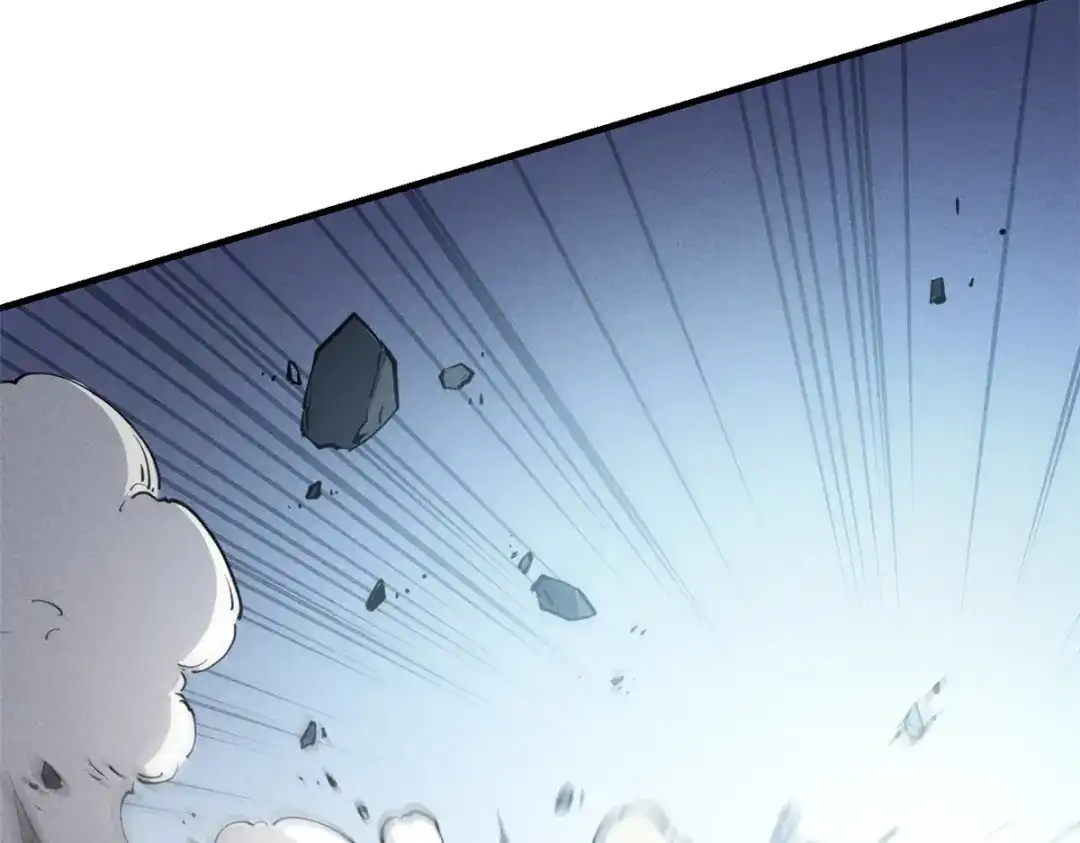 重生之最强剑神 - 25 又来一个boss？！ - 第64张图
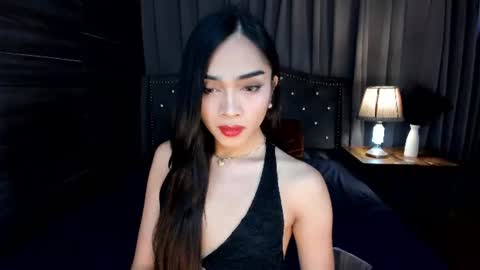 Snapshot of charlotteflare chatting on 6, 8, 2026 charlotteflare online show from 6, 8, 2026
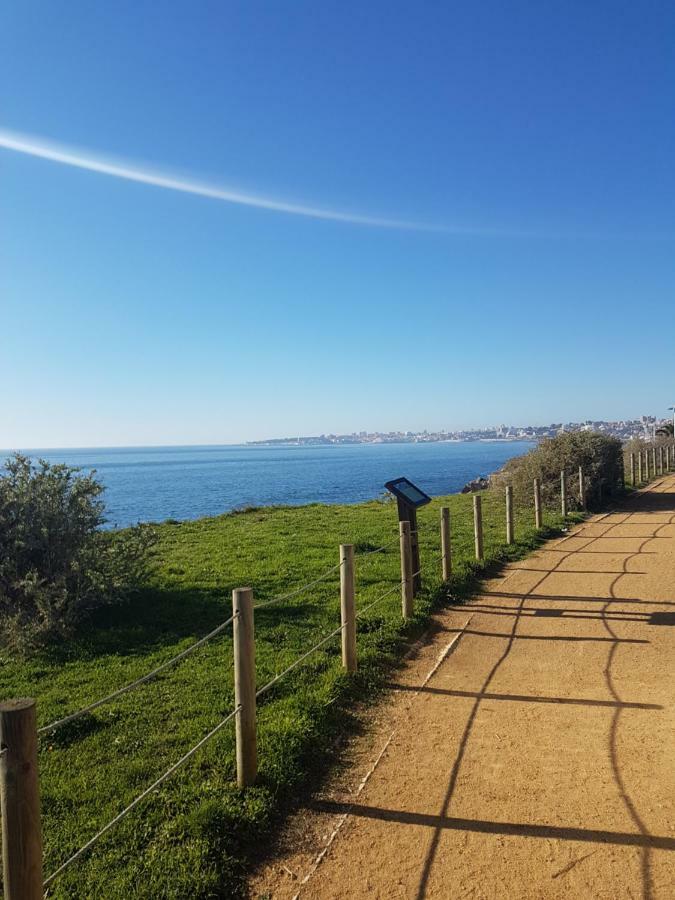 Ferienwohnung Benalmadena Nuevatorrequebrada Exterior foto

──────────────────────────────

• Your objective: Return the material word for word. Pictures are not part of the copy.

• Response to the task:
 重生之最强剑神 - 25 又来一个boss？！ - 第64张图
 Snapshot of charlotteflare chatting on 6, 8, 2026 charlotteflare online show from 6, 8, 2026
 Ferienwohnung Benalmadena Nuevatorrequebrada Exterior foto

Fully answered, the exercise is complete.